One main objection I hear against frequent celebration of the Lord’s Supper is this: “If we have the Lord’s Supper too much it won’t be special any more.” This would be a valid objection if the Lord’s Supper was like Christmas or any old birthday. If the Supper is simply something that the church does to remember Jesus’ death, it would be possible to overdo it – much like a birthday and cake wouldn’t be special if you did it every month.
However, in the Reformed/Presbyterian tradition, we believe the Supper is more than just a reminder. It is that (Luke 22.19), but (in the words of the Heidelberg Catechism Q/A 76) “it means more.” The Supper is also a proclamation of Christ’s death (1 Cor 11.26) and a participation in it (1 Cor 10.16). So as the Heidelberg says, in the Supper Christ “surely nourishes and refreshes” our souls “for eternal life with his crucified body and poured out blood.” In a real sense, then, the Supper is always “special” because Christ feeds believers his life-giving body and blood whenever they come to his table with repentance and faith (cf. WCF 29). Here’s Bavinck on this.
“Of primary importance in the Lord’s Supper is what God does, not what we do. The Lord’s Supper is above all a gift of God, a benefit of Christ, a means of communicating his grace. If the Lord’s Supper were only a memorial meal and an act of confession, it would cease to be a sacrament in the true sense. The Lord’s Supper, however, is on the same level as the Word and baptism and therefore must, like them, be regarded first of all as a message and assurance to us of divine grace. … Indeed, the host here, in granting the signs of bread and wine, offers his own body and blood as nourishment and refreshment for their souls. That is a communion that far surpasses the communion inherent in a memorial meal and an act of confession. It is not merely a reminiscence of or a reflection on Christ’s benefits but a most intimate bonding with Christ himself, just as food and drink are united with our body.” (Bavinck, Dogmatics IV, 567).
Speaking of frequency, I agree with Calvin in his “Treatise on the Lord’s Supper.” There he says “If we have careful regard to the end for which our Lord intended it [the Supper], we should realize that the use of it ought to be more frequent than many make it. …The custom ought to be well established in all churches of celebrating the Supper as frequently as the capacity of the people will allow.”
4 Replies to “The Frequency of the Holy Supper”

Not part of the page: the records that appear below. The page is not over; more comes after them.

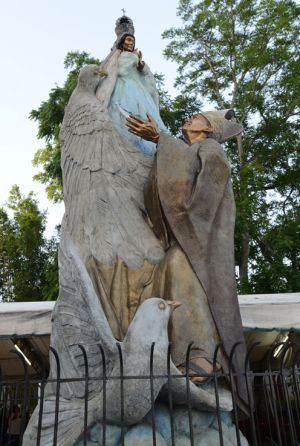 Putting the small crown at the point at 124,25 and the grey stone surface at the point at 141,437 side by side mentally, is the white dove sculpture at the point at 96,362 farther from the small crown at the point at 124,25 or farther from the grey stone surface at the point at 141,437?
the small crown at the point at 124,25

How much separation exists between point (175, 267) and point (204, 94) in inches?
473

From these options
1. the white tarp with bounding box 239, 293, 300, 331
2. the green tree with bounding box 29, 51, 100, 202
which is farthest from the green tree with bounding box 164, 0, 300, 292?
the white tarp with bounding box 239, 293, 300, 331

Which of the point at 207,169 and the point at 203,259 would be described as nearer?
the point at 203,259

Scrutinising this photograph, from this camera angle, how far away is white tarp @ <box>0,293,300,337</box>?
4883mm

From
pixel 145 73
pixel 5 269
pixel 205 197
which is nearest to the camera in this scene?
pixel 205 197

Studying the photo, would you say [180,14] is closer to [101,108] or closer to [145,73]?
[145,73]

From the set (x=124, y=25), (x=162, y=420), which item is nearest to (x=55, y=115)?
(x=124, y=25)

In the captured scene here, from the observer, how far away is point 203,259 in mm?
3092

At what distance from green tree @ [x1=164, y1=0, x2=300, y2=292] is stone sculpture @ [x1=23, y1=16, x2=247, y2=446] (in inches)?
326

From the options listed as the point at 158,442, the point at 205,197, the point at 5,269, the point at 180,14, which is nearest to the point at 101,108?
Result: the point at 205,197

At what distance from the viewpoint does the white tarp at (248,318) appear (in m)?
4.88

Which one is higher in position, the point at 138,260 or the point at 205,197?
the point at 205,197

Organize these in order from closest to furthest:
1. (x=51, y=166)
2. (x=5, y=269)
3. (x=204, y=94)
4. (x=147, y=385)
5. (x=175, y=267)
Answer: (x=147, y=385) → (x=175, y=267) → (x=51, y=166) → (x=204, y=94) → (x=5, y=269)

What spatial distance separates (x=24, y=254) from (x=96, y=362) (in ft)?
42.3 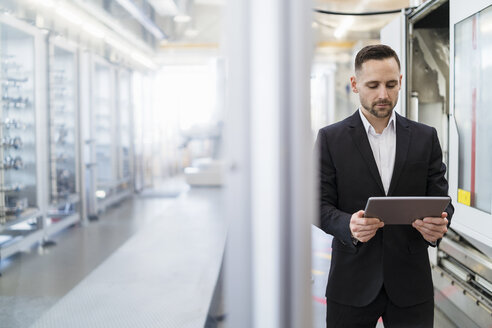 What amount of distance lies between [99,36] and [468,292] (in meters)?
5.76

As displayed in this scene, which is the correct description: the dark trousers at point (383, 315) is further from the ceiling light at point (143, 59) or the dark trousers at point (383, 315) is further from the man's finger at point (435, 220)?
the ceiling light at point (143, 59)

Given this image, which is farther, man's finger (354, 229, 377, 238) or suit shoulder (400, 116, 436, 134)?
suit shoulder (400, 116, 436, 134)

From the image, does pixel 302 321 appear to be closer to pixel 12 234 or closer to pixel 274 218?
pixel 274 218

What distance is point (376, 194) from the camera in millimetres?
1337

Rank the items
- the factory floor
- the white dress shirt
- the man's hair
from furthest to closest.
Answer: the factory floor → the white dress shirt → the man's hair

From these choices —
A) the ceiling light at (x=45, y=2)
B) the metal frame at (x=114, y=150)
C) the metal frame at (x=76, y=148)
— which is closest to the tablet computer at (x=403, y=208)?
the ceiling light at (x=45, y=2)

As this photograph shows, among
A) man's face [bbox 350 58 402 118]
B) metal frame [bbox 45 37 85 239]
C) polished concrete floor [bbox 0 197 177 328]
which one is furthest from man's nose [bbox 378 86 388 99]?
metal frame [bbox 45 37 85 239]

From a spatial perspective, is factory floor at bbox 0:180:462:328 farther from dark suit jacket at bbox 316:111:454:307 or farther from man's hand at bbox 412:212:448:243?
man's hand at bbox 412:212:448:243

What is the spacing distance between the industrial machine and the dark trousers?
783mm

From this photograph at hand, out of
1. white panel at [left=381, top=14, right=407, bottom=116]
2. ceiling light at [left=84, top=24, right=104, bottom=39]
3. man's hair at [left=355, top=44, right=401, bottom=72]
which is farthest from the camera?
ceiling light at [left=84, top=24, right=104, bottom=39]

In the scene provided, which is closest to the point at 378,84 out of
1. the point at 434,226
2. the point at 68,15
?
the point at 434,226

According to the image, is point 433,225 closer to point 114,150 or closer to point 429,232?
point 429,232

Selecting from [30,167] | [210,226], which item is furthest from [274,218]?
[30,167]

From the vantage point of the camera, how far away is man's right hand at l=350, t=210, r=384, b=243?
1.21 meters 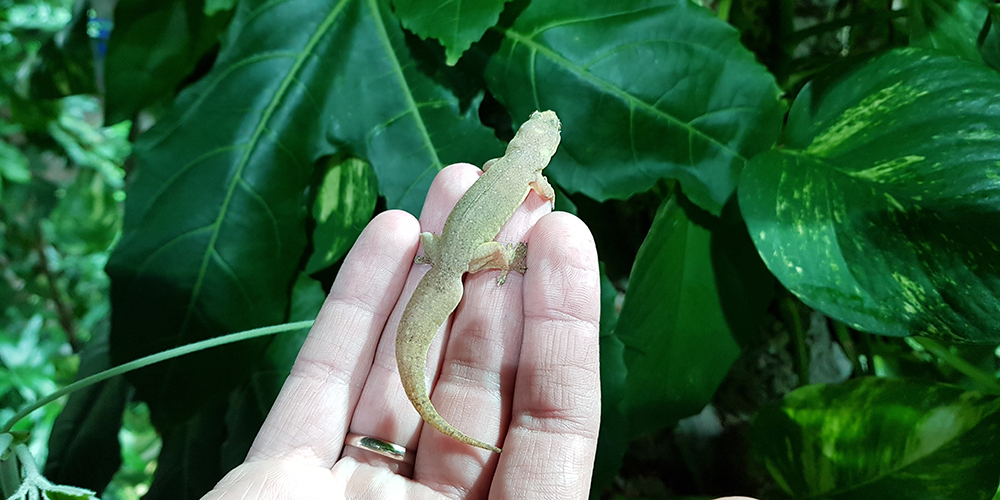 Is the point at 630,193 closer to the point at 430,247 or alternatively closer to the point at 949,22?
the point at 430,247

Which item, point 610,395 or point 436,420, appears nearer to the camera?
point 436,420

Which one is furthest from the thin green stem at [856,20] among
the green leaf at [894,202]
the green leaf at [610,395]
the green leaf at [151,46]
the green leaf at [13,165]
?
the green leaf at [13,165]

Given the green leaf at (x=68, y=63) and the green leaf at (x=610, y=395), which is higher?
the green leaf at (x=68, y=63)

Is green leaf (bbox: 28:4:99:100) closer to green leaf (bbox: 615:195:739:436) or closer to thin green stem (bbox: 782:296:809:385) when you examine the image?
green leaf (bbox: 615:195:739:436)

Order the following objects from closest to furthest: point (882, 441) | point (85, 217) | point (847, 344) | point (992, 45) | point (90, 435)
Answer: point (882, 441) < point (992, 45) < point (90, 435) < point (847, 344) < point (85, 217)

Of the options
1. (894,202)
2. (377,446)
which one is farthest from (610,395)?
(894,202)

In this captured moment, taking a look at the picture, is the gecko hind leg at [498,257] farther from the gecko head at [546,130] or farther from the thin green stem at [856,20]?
the thin green stem at [856,20] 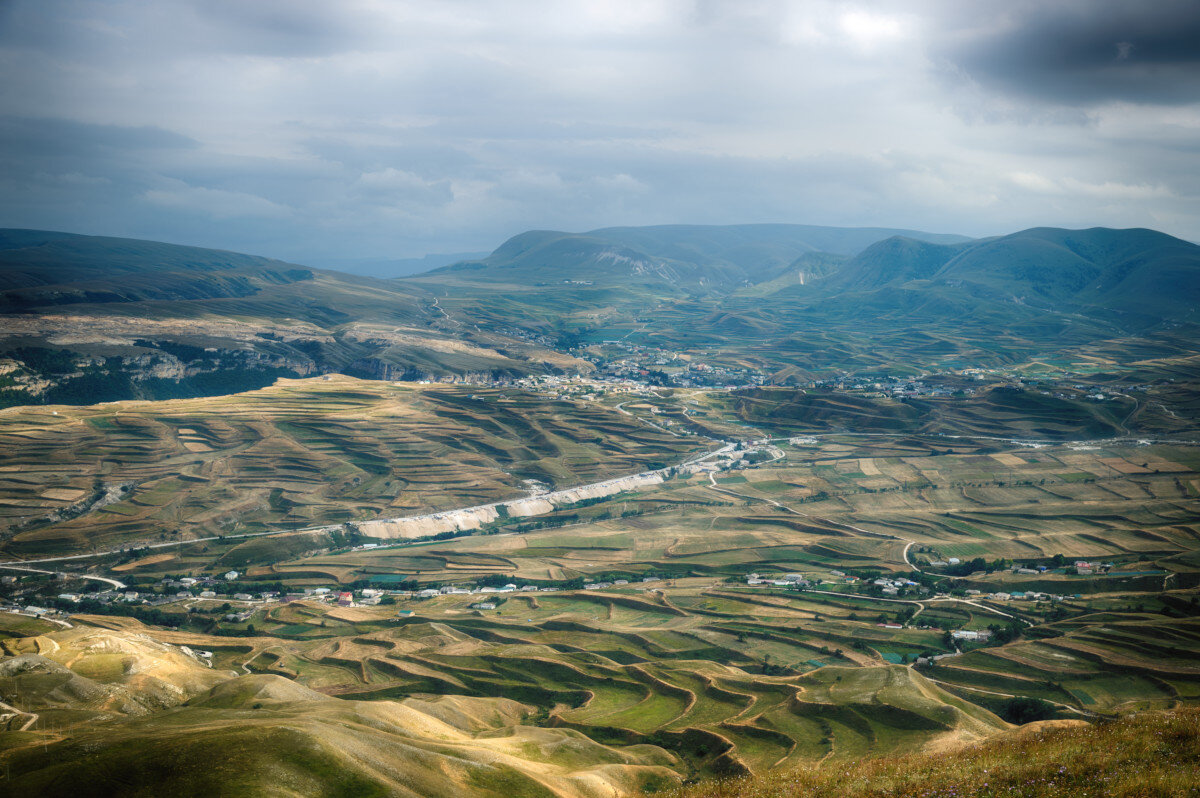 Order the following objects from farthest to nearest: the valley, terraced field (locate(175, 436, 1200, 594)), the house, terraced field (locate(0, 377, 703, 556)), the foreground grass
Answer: terraced field (locate(0, 377, 703, 556)) < terraced field (locate(175, 436, 1200, 594)) < the house < the valley < the foreground grass

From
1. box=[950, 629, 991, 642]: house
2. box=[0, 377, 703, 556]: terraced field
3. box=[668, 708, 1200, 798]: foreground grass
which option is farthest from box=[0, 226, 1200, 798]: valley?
box=[668, 708, 1200, 798]: foreground grass

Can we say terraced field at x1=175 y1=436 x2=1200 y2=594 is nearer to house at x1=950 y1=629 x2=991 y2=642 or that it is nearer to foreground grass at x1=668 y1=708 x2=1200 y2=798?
house at x1=950 y1=629 x2=991 y2=642

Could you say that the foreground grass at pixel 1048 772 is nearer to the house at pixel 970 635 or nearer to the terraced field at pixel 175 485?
the house at pixel 970 635

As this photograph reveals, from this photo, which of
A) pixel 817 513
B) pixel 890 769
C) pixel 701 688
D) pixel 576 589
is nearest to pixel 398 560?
pixel 576 589

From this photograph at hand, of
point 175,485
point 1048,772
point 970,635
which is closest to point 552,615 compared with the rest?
point 970,635

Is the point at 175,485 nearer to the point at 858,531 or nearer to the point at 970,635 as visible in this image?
the point at 858,531

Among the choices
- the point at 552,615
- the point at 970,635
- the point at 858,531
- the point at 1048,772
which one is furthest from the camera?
the point at 858,531

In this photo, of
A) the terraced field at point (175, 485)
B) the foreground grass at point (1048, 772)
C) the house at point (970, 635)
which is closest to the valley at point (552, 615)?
the house at point (970, 635)

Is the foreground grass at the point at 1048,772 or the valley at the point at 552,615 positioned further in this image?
the valley at the point at 552,615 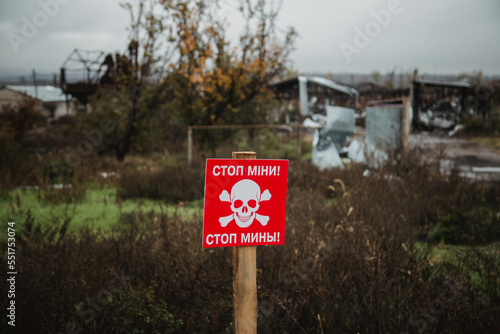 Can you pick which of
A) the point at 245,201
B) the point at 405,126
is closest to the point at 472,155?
the point at 405,126

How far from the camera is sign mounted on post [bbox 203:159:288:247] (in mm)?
1784

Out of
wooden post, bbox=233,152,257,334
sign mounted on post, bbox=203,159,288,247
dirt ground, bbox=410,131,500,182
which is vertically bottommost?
dirt ground, bbox=410,131,500,182

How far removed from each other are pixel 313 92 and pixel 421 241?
2321 centimetres

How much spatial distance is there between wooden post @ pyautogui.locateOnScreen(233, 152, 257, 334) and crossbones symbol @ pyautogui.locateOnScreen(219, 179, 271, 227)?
132mm

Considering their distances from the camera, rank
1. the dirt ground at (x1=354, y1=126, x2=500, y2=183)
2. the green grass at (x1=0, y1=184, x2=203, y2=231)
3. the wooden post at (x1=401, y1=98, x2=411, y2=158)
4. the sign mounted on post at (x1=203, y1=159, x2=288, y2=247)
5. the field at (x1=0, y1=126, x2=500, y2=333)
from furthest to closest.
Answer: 1. the dirt ground at (x1=354, y1=126, x2=500, y2=183)
2. the wooden post at (x1=401, y1=98, x2=411, y2=158)
3. the green grass at (x1=0, y1=184, x2=203, y2=231)
4. the field at (x1=0, y1=126, x2=500, y2=333)
5. the sign mounted on post at (x1=203, y1=159, x2=288, y2=247)

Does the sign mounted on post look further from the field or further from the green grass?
the green grass

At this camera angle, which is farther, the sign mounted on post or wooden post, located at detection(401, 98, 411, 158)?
wooden post, located at detection(401, 98, 411, 158)

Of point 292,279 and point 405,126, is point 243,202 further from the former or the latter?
point 405,126

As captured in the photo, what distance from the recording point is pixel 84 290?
2783mm

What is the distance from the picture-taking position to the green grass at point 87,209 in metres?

I think Bavinck’s “the supper is on the same level as the Word” is questionable. What do you think, Shane?
It’s fine in the context – he’s talking about means of grace, so in the “means of grace” sense the statement is right (word and sacraments are means of grace). He was reacting against reducing the Supper to less than the means of grace by making it simply a memorial. Make sense?
One of the things I deplore is that communion has almost been removed from the corporate life of the church. At least in the circles that I travel. Some churches do not even offer it, and I am talking evangelical churches. Perhaps it is because the death of Christ offends non-christians? There is no acceptable reason to remove this from our corporate gatherings.
Sacramental churches have made communion the absolute center of worship and a re-sacrificing of Christ; thus, this distortion has caused many to suffer from Rome-a-phobia. So if it looks like Rome, it must be gone!
We need to recapture this sacrament in its right form and purpose.